> WHAT THE TASK ASKS
Transcribe every entry below word for word, but skip the pictures.
Start of DATA FOR PROCESSING
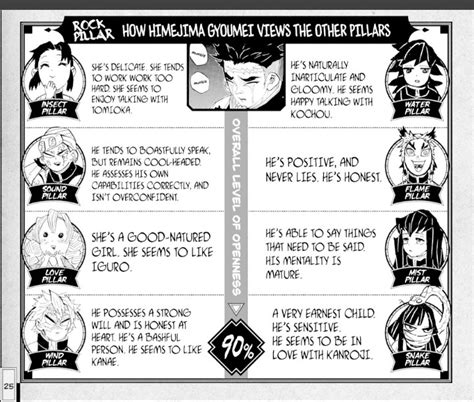 Demon Slayer Data Books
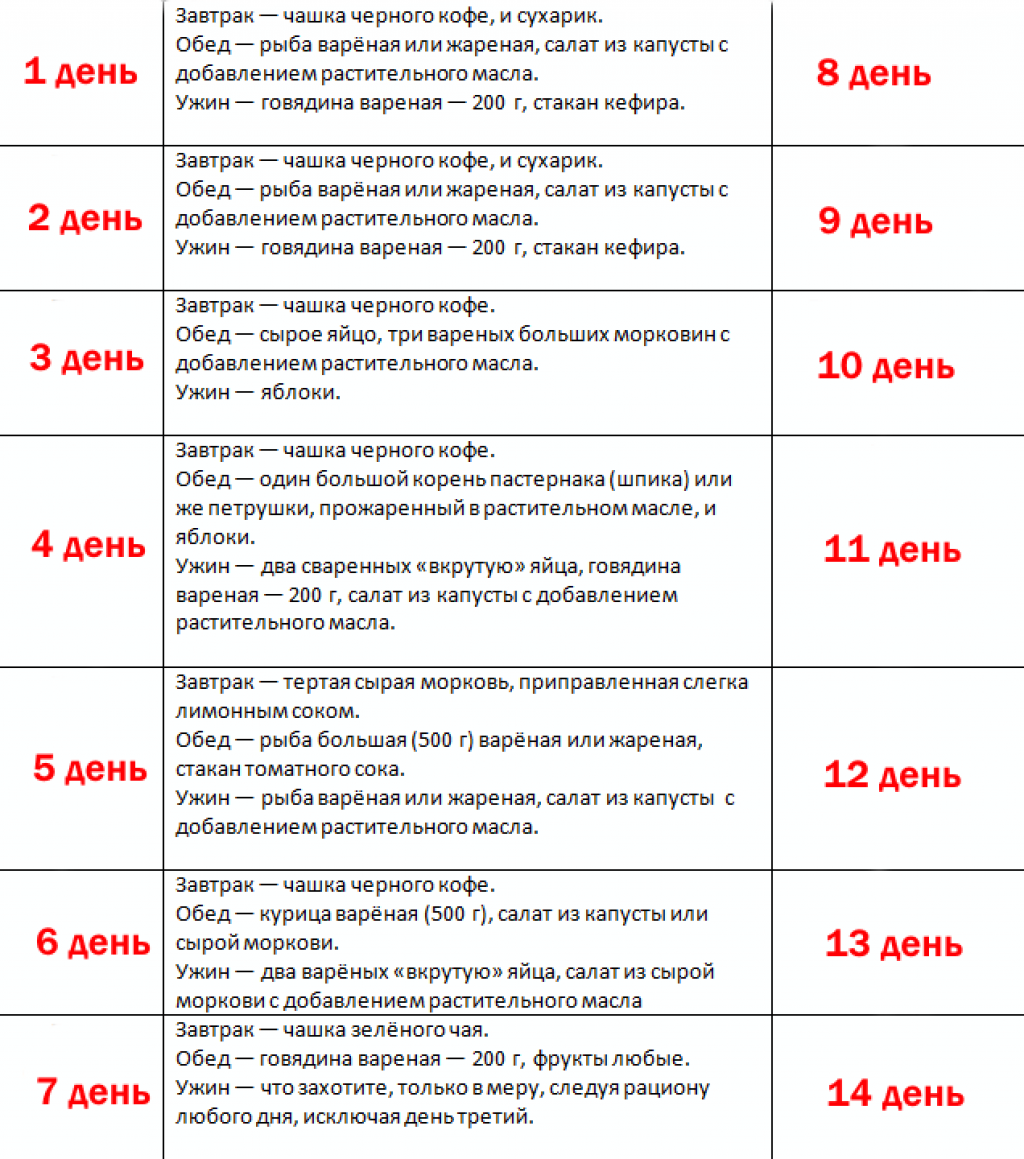 Японская бессолевая диета 14 дней меню на каждый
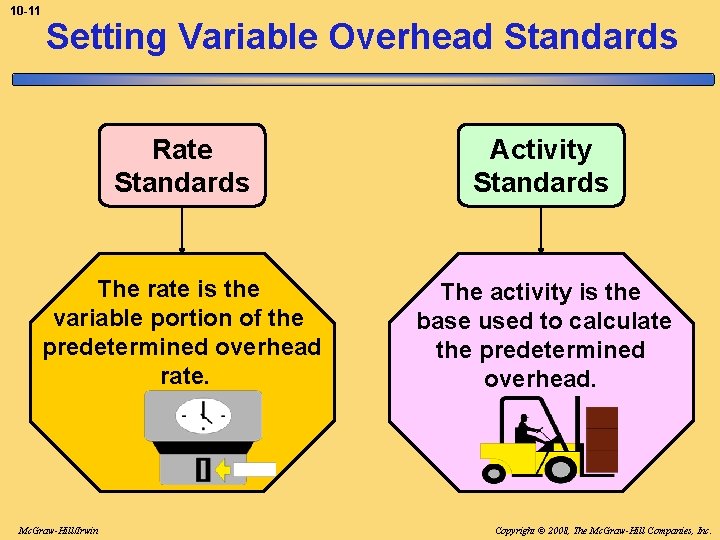 10 -11 Setting Variable Overhead Standards Rate Standards Activity Standards The rate is the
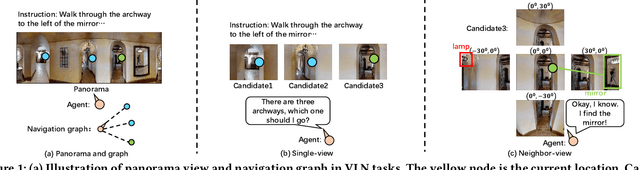 Figure 1 for Neighbor-view Enhanced Model for Vision and Language Navigation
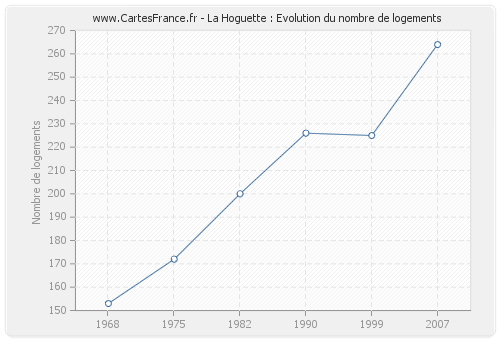 La Hoguette : Evolution du nombre de logements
End of DATA FOR PROCESSING
> SOLVED PROBLEM
 Demon Slayer Data Books
 Японская бессолевая диета 14 дней меню на каждый
 10 -11 Setting Variable Overhead Standards Rate Standards Activity Standards The rate is the
 Figure 1 for Neighbor-view Enhanced Model for Vision and Language Navigation
 La Hoguette : Evolution du nombre de logements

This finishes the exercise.